Dr. Edith Eger is a holocaust survivor, famous for writing a masterful and best-selling book, called 'The Choice'. Inspired by Dr. Viktor Frankl's monumental work 'Man's Search for Meaning' (which the Rebbe encouraged Dr. Frankl to publish), Dr. Eger's book takes the reader along on her life's harrowing journey.

She begins with her childhood in Hungary, continues to her being hauled to Auschwitz hours after the Passover Seder, the death camp, death marches, liberation by the US army, economic hardships in America, extreme post-war trauma, and using her unspeakable experiences to become a successful psychologist, helping people recover from their own sufferings.

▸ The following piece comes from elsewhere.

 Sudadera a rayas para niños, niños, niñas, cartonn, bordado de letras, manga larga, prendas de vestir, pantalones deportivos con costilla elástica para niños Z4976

Her main message in the book is that we all - always - have 'The Choice'. We are essentially free, and it is up to us - and only us - to make the best of our lives. True, we cannot control all of our circumstances, but we can control our reactions to them.

This belief in the unbeatable human spirit has been a hallmark of Jewish survival for millenia. Our very calendar, the way Jews mark the passage of time itself, is structured to reflect this idea (t oday we begin the Jewish month of 'Iyar', the eighth month on the Jewish calendar).

The Jewish calendar runs on a unique system. It's not just that we have a lunar calendar, beginning each month with the new moon, unlike the solar based Gregorian calendar. It's more than that. The Jewish calendar revolves around people seeing the new moon:

Millenia ago, the new month would be established when two credible witnesses would testify at the Jewish supreme court - the Sanhedrin - that they had seen the new moon appear in the night sky. It was essential that two witnesses would testify. It was their human word that clinched the new month's beginning. Without the words of a breathing person, time itself would be put on hold. The reason for this unique system, is to highlight the importance and power of people to chart their own destiny and make our world a better place.

This highlighting of the power of people to chart the future is not only present on the first night of the month, but at the mid-month full moon as well.

As the month progresses and the moon 'grows', there's a ceremony we perform called 'Kiddush Levana' (the Sanctification of the Moon). It consists of saying a special prayer outside, in the moonlight.

There's a fascinating part to this prayer, a custom the likes of which can only be found here. The custom is that - while standing outside, praying in the moonlight - one should turn around, find three separate individuals, and say 'Shalom Aleichem' (hello!) to them. They, in turn, should turn back to you and respond 'Aleichem Shalom!' (hello to you!). 

With that, one then returns to finish the prayer.

What a lesson. There we are, praying. Maybe we're in a great mood, looking for a chance to chat with someone, maybe in a not-so-good mood. We might have had a wonderful day, perhaps a challenging one. Uplifting or stressed. Inspiring or crushing. Yet there it is, right there on the prayer book page: We must, we need to find someone - three people! - to say hello to. 

The message is Dr. Eger's message. We always, always have 'The Choice'. There is never a time when we cannot turn to our fellow with a smile, and - for no reason - say, 'Shalom Aleichem!' Might it be hard sometimes? Of course. But we can always do it. It's what we choose to do that matters, it's our choice which charts the path of the future.

During these times when we can't connect with others as much as we'd like to, we still have the ability - the choice - to find someone to turn to, and tell them 'Shalom Aleichem!' The results could be powerful and far-reaching.

The four Hebrew letters which spell 'Iyar', stand for three Hebrew words: אני ה' רופאך - I am G‑d who heals you (the two middle letters spell G‑d's name). We pray that all those who need healing should be healed, and may our world know only good and happiness.